Why is Furiosa driving the women across the desert? Because that guy's an asshole. Go!

Miller is able to tell a perfectly satisfying story and tap into our emotions using motion, colors, sounds, silence, symbols - all the elements a filmmaker should take advantage of instead of relying on plot-heavy dialogue to tell a story. If a plot is complex -or at least complicated - enough to require a lot of words, I'll probably have a better experience reading a book. This film, on the other hand, reminded me why motion pictures can be so engaging if the filmmakers use the medium to convey the story, not just illustrate a narrative.
posted by bibliowench at 3:51 PM on May 17, 2015 [53 favorites]


Chiming in to say, that I just saw it too. Definitely a thrill ride and visually, surprisingly beautiful. The scene where Furiosa is breaking down and the sand is blowing is lovely.

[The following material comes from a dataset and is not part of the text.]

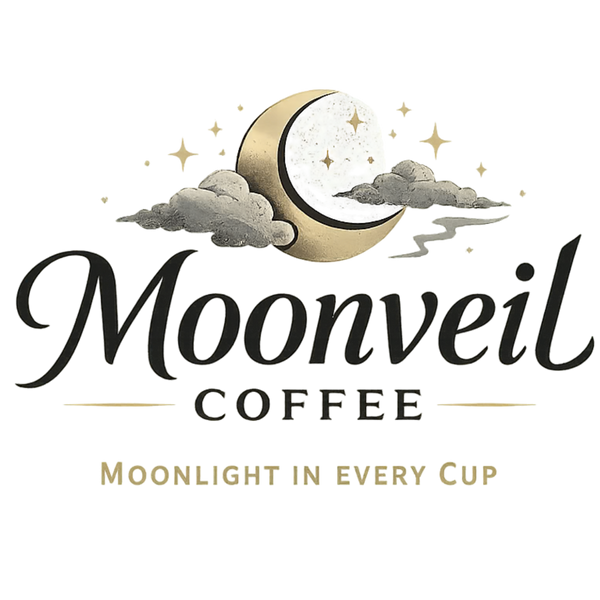 Moonveil Coffee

I loved everything about it but what truly knocked my socks off, is the Furiosa's bad-ass clanswomen. I don't think there is another film out there that uses so many older actresses as action heroes, not just as a novelty or for comedic value. In an industry where older actresses are shunted aside because of ageism, it is so refreshing and amazing to see. Kudos to George Miller.
posted by nikitabot at 4:09 PM on May 17, 2015 [38 favorites]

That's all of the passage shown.